Na história, acompanhamos o casal Majur: Bol (vivido por Sope Dirisu) e Rial (vivida por Wunmi Mosaku) escaparam da pobreza e do horror do Sudão para a Inglaterra. A viagem num barco foi terrível, mas eles conseguiram, apenas para trazer consigo outro tipo de horror. Ao chegarem à Inglaterra, são mandados para um condomínio, onde terão que se submeter às leis de imigração inglesas. Não podem trabalhar nem deixar sua casa pelo período de tempo em que serão avaliados. O oficial da imigração, interpretado por Matt Smith, diz a eles: “Sejam dos bons”, ou seja, comportem-se e não criem confusão. A situação se complica quando ambos começam a presenciar estranhos fenômenos na casa e aparições fantasmagóricas que lhes ameaçam a vida. Com o tempo, percebem que foram eles quem, inadvertidamente, despertaram este terror.

De cara, Weekes (também um dos autores do roteiro) subverte certas convenções. Uma das maiores reclamações – e um clichê irritante, também – que se pode fazer sobre filmes de casa assombrada é a muitas vezes absurda inabilidade dos protagonistas de simplesmente caírem fora dos imóveis amaldiçoados. Weekes cria uma narrativa na qual não é possível questionar isso, ou seja, seus personagens são forçados a ficar e confrontar a fonte dos seus temores, e daí vêm algumas cenas realmente criativas e assustadoras. E o filme tem, sim, momentos assustadores…

HORROR FUNDAMENTADO NA HUMANIDADE BÁSICA

A história do longa é claramente alegórica, permitindo ao diretor abordar temas como racismo estrutural e abismo social, que são na verdade universais – O Que Ficou para Trás poderia ser ambientado no Brasil sem grandes mudanças no roteiro, por exemplo. É emblemática a forma como Bol deseja fazer parte da sua nova sociedade – a cena no bar com torcedores acompanhando um jogo de futebol representa isso. Já Rial é a primeira a perceber que o caminho para escapar do pesadelo ainda é longo, especialmente quando sofre racismo ao andar na rua – e curiosamente é um rapaz negro quem a manda “voltar pra África”. O feito do filme é realmente admirável, ao combinar essas duas vertentes narrativas – o terror e o aspecto social – sem que uma tire muito a força da outra.

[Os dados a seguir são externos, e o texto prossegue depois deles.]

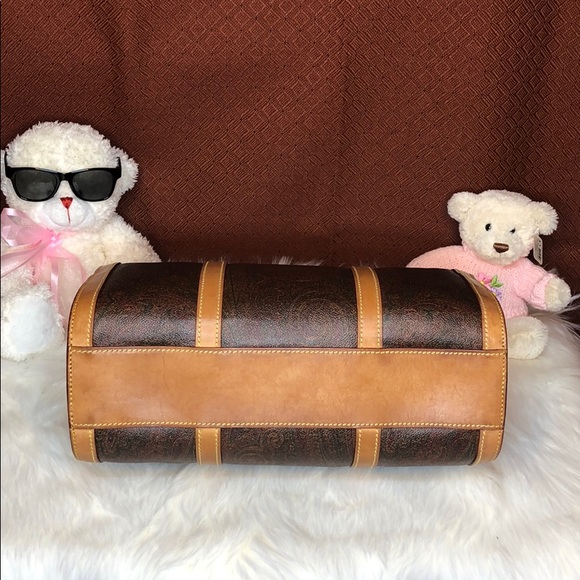 Authentic ✅ - Picture 2 of 8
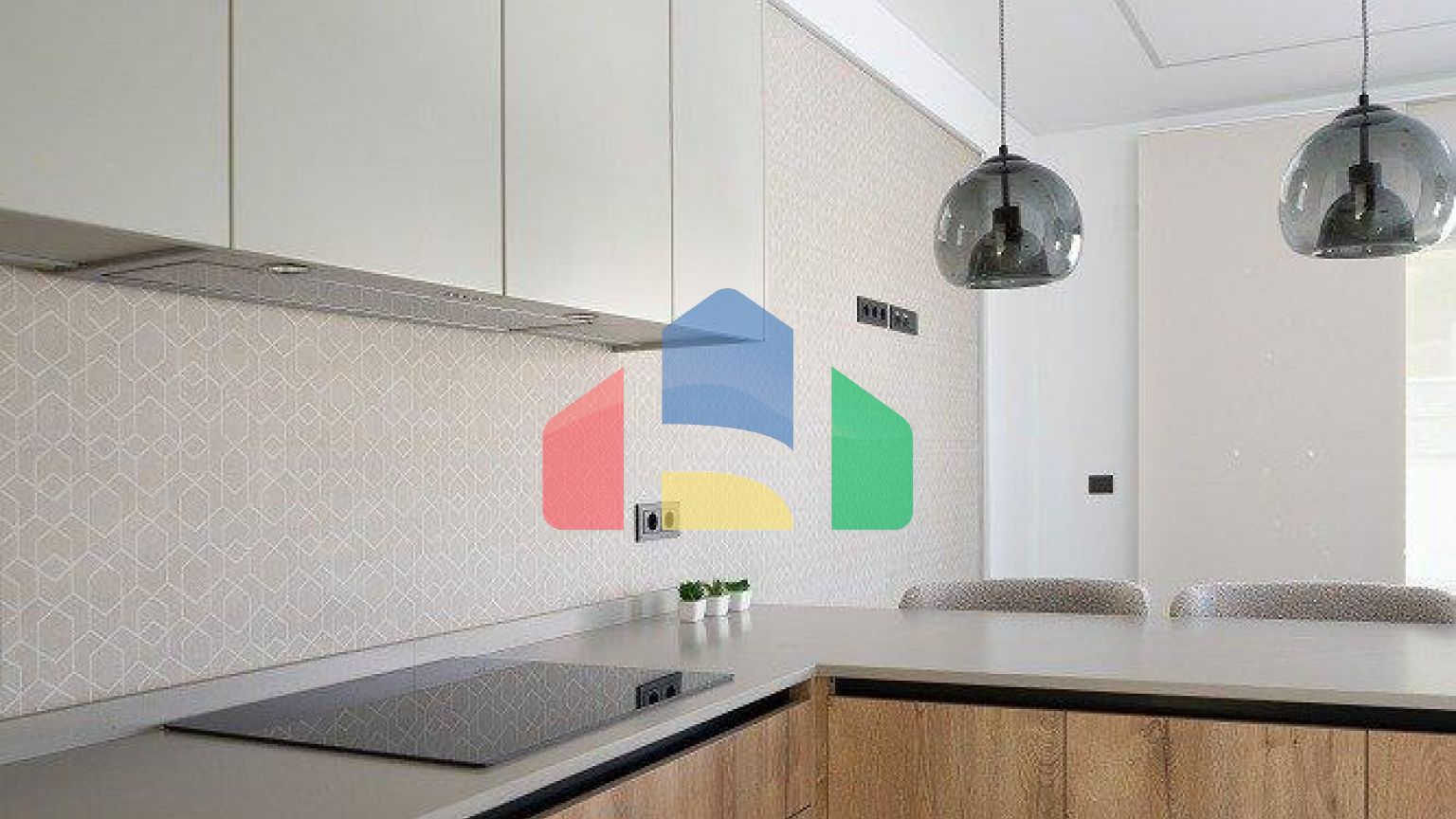 СОВРЕМЕННАЯ ВИЛЛА СО ВСЕМИ УДОБСТВАМИ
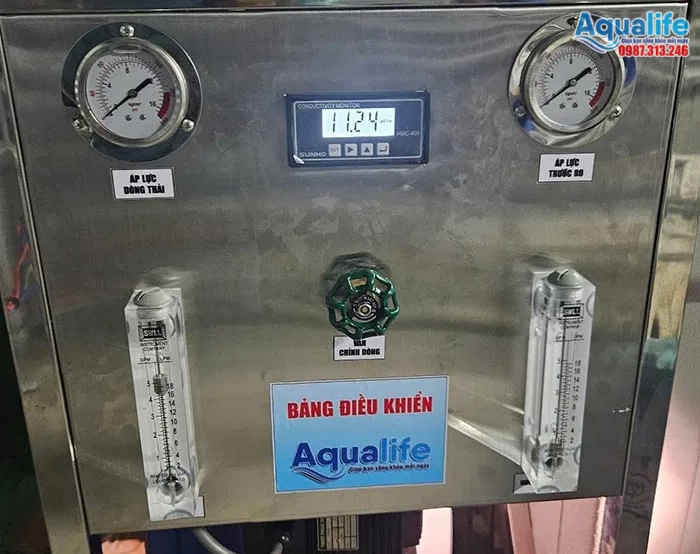 Cụm đồng hồ đo áp suất màng RO và lưu lượng kế cơ học đo dòng tinh khiết dòng xả thải trên hệ thống lọc nước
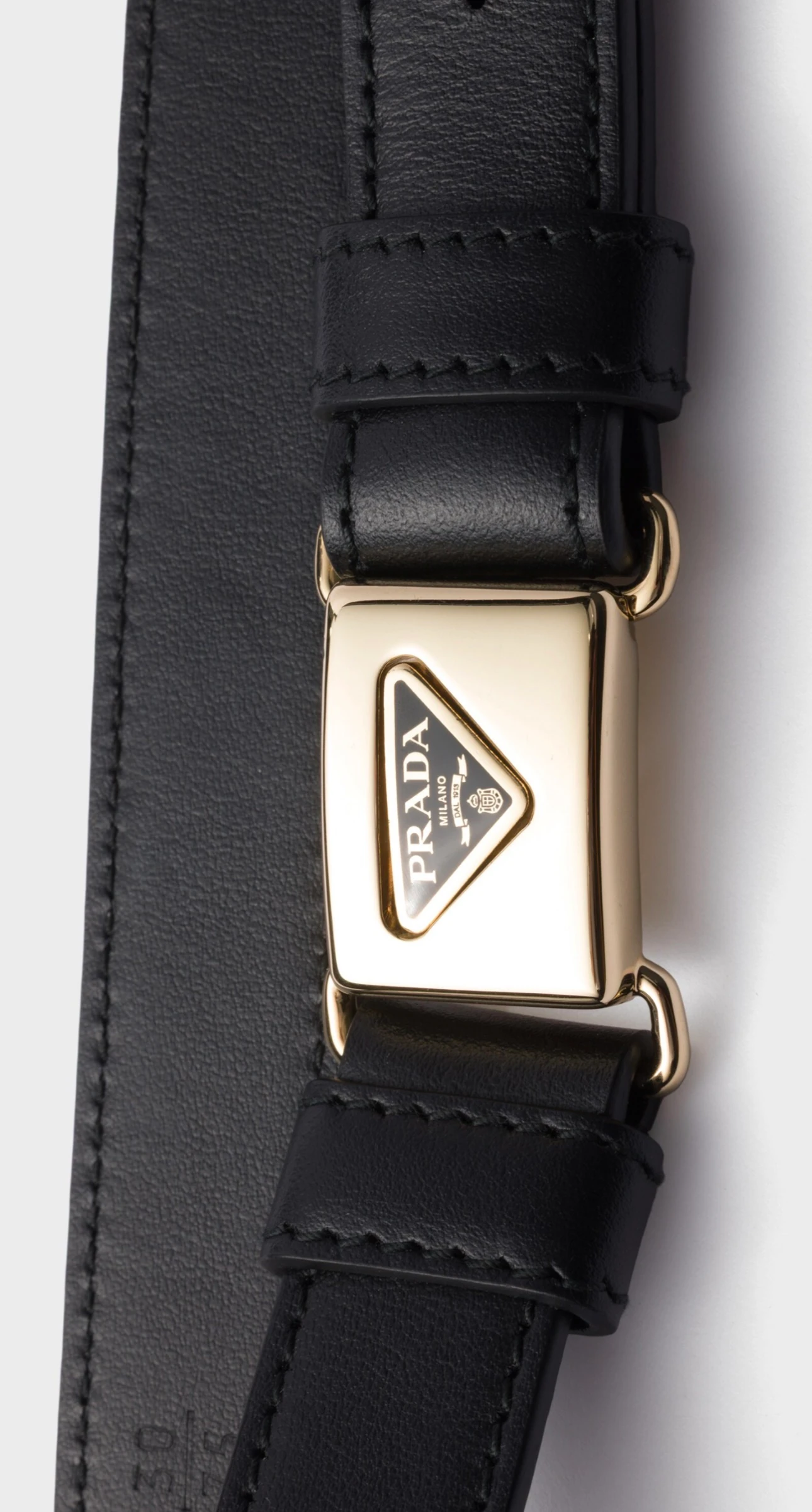 Metal Logolu Kadın Deri Kemer 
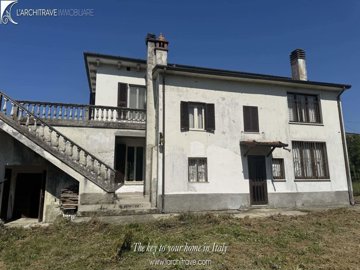 1 - Aulla, House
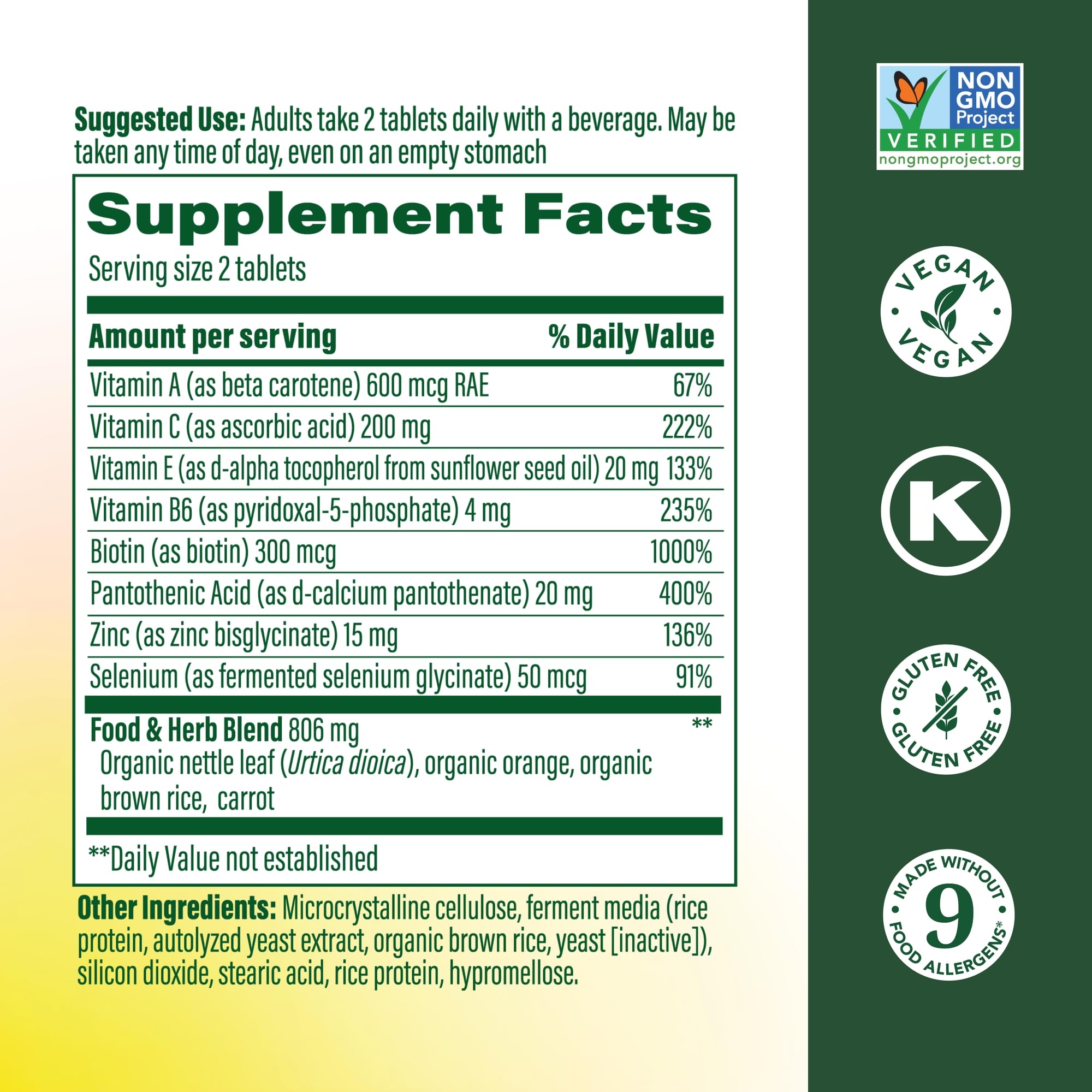 Étiquette MegaFood visible sur le flacon, assurance qualité et origine végétale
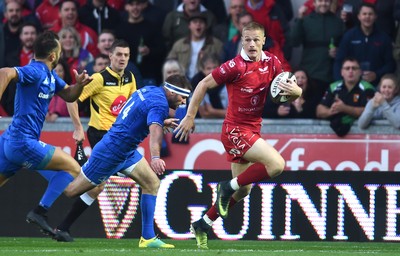 080918 - Scarlets v Leinster - Guinness PRO14 - Johnny McNicholl of Scarlets gets away from Fergus McFadden of Leinster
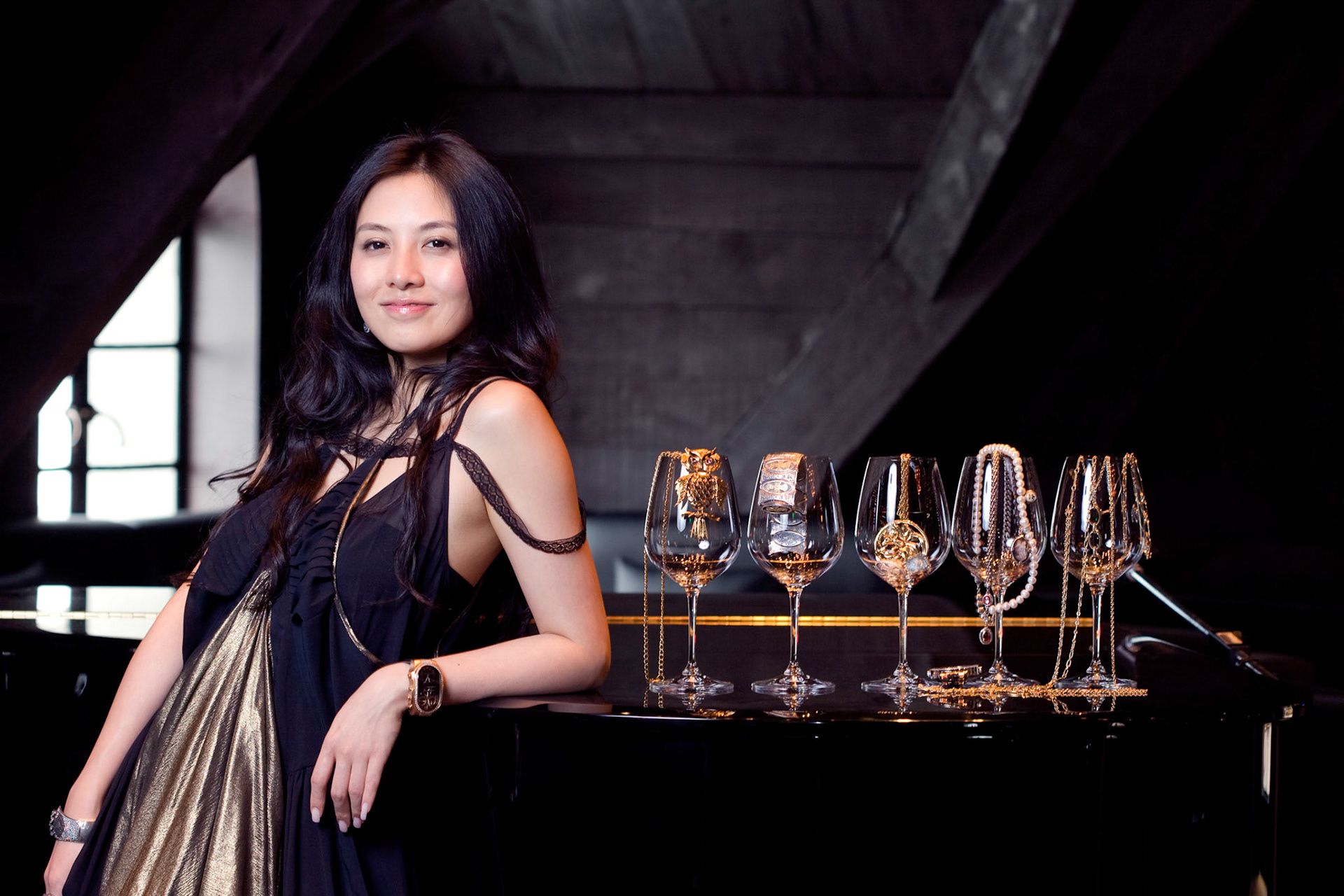 주얼리 회사 CEO 촬영. 주얼리가 숨어있는 사진 한 장, 조명으로 주얼리를 표현한 사진 한 장, 그리고 주얼리를 풍성하게 보여주는 한 장.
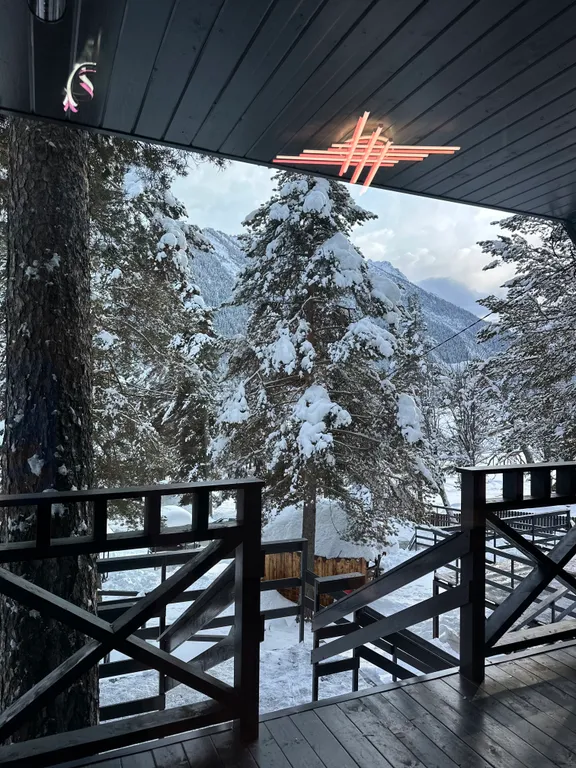 А-фрейм с видом на горы и лес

É um filme de ritmo deliberado, sem pressa, e que se preocupa em construir sua atmosfera, acima de tudo – espectadores impacientes talvez tenham problemas com isso… De fato, o ritmo não é dos mais envolventes, nem a história consegue deixar de ser meio previsível, caso o espectador já tiver visto alguns filmes de terror na vida. Mas para quem investe nela, a experiência acaba sendo recompensadora. Não chega a ser um grande filme, mas a condução de Weekes é segura, o casal central de atores está ótimo – e parecem com gente real, o que torna a situação ainda mais forte – e, acima de tudo, é uma obra bastante humana, que fala sobre como os fantasmas mais assustadores, na maioria das vezes, são os que levamos dentro de nós, aonde vamos. O terror de O Que Ficou para Trás é um horror fundamentado numa humanidade básica, e na herança que, quer queiramos ou não, sempre nos acompanha, apesar de nossos esforços para deixá-la para trás e recomeçar.